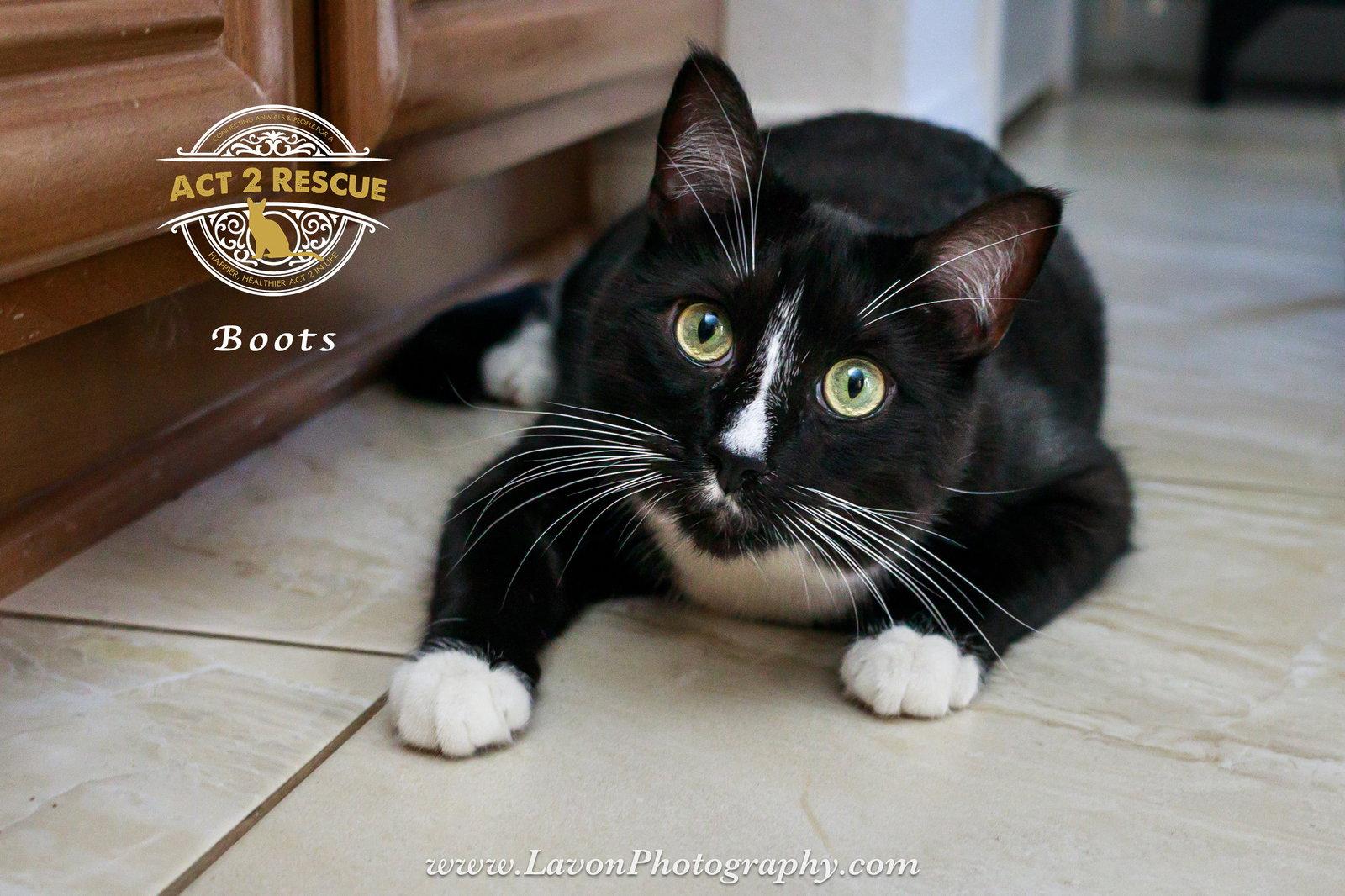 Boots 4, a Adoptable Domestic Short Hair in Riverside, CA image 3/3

* * *

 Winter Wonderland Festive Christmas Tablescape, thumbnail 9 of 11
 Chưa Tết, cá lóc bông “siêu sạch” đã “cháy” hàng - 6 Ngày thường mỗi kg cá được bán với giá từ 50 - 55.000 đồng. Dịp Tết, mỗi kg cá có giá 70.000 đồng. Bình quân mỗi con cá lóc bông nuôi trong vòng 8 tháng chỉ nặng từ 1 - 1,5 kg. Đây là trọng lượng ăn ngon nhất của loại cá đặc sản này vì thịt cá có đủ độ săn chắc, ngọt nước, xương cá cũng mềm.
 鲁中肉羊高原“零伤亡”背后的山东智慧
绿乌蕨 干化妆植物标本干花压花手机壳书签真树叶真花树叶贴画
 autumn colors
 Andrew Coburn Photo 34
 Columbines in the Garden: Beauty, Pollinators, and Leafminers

* * *

WHAT YOU NEED TO DO: Look through the material above and print exactly the lines from the one containing "绿乌蕨 干化妆植物标本干花压花手机壳书签真树叶真花树叶贴画" to the one containing "Columbines in the", both included, and nothing more.

RESPONSE:
绿乌蕨 干化妆植物标本干花压花手机壳书签真树叶真花树叶贴画
 autumn colors
 Andrew Coburn Photo 34
 Columbines in the Garden: Beauty, Pollinators, and Leafminers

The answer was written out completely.